**Exercise objective:**
From the line that contains "Barcode Image for UPC code 4088600373560" down to the final line below, please repeat each line exactly and nothing more, with no pictures.

**Source material:**
------------------------------
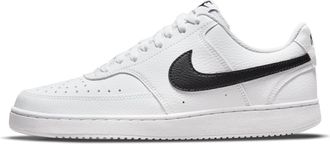 Nike (WMNS) Nike Court Vision Low Next Nature White Black DH3158-101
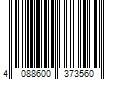 Barcode Image for UPC code 4088600373560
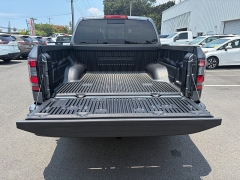 New 2026  Nissan Frontier Crew Cab 4x4 PRO-4X at IK Auto Group near Hilo&comma; HI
------------------------------
**Solution for this problem:**
 Barcode Image for UPC code 4088600373560
 New 2026  Nissan Frontier Crew Cab 4x4 PRO-4X at IK Auto Group near Hilo&comma; HI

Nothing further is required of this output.